The greenhouse effect • Greenhouse gases, such as water vapour, carbon dioxide, methane, nitrous oxide, ground level ozone, CFCs, and HFCs absorb infrared radiation in all directions, including back to Earth’s surface. The radiation warms the surface of the Earth and the atmosphere before it is lost to space. • The retention of heat by greenhouse gases is known as the greenhouse effect.
ANSWER THE QUESTIONS • 5. List the following forms of radiant energy from longest to shortest wavelengths, number the blanks 1-6. ___visible light ___ ultraviolet ___ radio waves ___ microwaves ___ infrared light ___ cosmic rays
6. Radiant energy can be reflected or absorbed by a substance. Which causes a rise in temperature — reflection or absorption? • 7. What is the percent of solar radiation reflected by a surface called?
8.Use the picture at the top of the page 4 to answer the questions that follow: a. What percent of the incident solar energy is reflected? b. What percent of the incident solar energy is actually incoming energy for Earth’s net radiation budget? c. What percent of the incident solar energy is re-emitted to space by clouds and the atmosphere? d. What percent is re-emitted directly from Earth’s surface to space?
Complete the pie graph below to show what happens to the incident solar energy on Earth. Show the percent of incident solar energy reflected into space, the percent absorbed by clouds and the atmosphere, and the percent absorbed by land and oceans.
Climates and seasons • Average temperatures may fluctuate a great deal from summer to winter months. The average temperatures are quite different in various parts of the world. These characteristics are part of what we call climate. • Climate is the trend in temperature, atmospheric pressure, humidity, and precipitation over a period of time of many years. • Weather refers to these conditions as they are at one place and time.
Earth’s tilted axis • The 24 h rotation of the Earth on its axis results is warming during the day and cooling during the night. The tilt of the Earth is called the angle of inclination. • The angle of inclination is the angle of the equator with respect to the plane of Earth’s orbit around the Sun.
The north and south poles are tiled towards the Sun for approx. half the year. • When the pole is tilted towards the Sun it is summer; tilted away it is winter. • The seasons in the two hemispheres are opposite; when it is summer in the Northern Hemisphere it is winter in the Southern Hemisphere.
Summer is slightly longer in the Northern Hemisphere because of Earth’s slightly elliptical orbit around the Sun. If the Earth did not have a tilted axis of rotation we would not observe seasons.

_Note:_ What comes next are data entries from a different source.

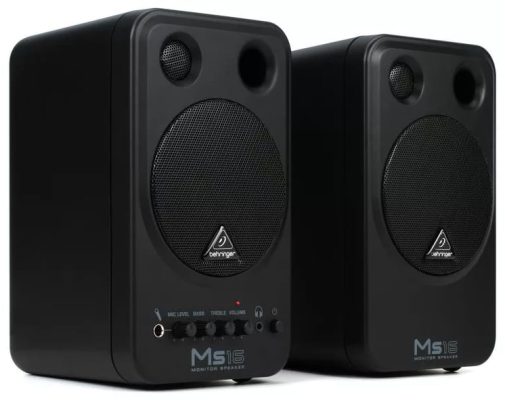 Three quarter view of a pair of Behringer MS16 studio monitors.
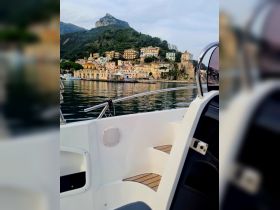 A picturesque view of a charming coastal town reflected in calm waters, seen from the deck of a boat — an ideal setting for exploring beautiful harbors.
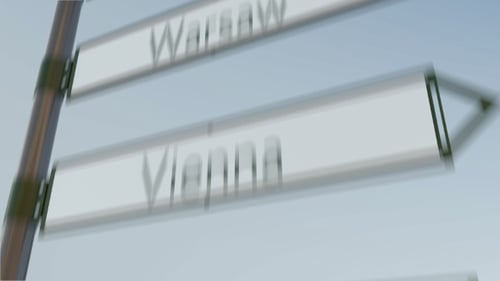 Amsterdam Direction Sign on Road Signpost with European Cities Captions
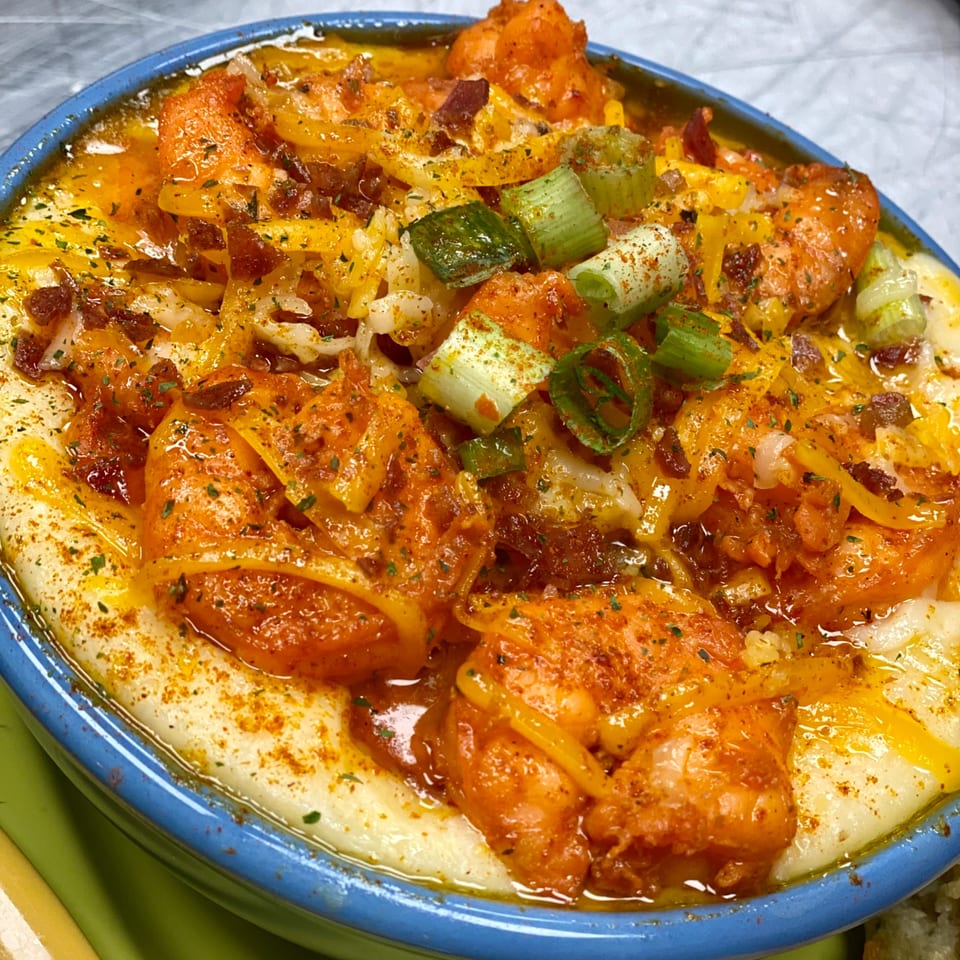 Shrimp and grits with cheese, bacon, and green onions in a blue bowl, a soul-food dish.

Climate zones • The polar zones have 24 h of darkness during parts of the winter and 24 h of sunlight during parts of the summer. • The Sun’s rays are never perpendicular to Earth’s surface in the temperate zones; temperature and weather conditions are quite variable. • The Sun’s rays are perpendicular to Earth’s surface at some locations in the tropical zone throughout the entire year; average temperatures in these areas are warmer than those in other areas.